Problem to solve: Write each line word for word, from the line that contains "Dog picture" through the last line of the material below.

Collected material:
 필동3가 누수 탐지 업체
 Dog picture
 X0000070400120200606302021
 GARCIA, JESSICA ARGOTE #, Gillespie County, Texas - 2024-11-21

Answer area:
 Dog picture
 X0000070400120200606302021
 GARCIA, JESSICA ARGOTE #, Gillespie County, Texas - 2024-11-21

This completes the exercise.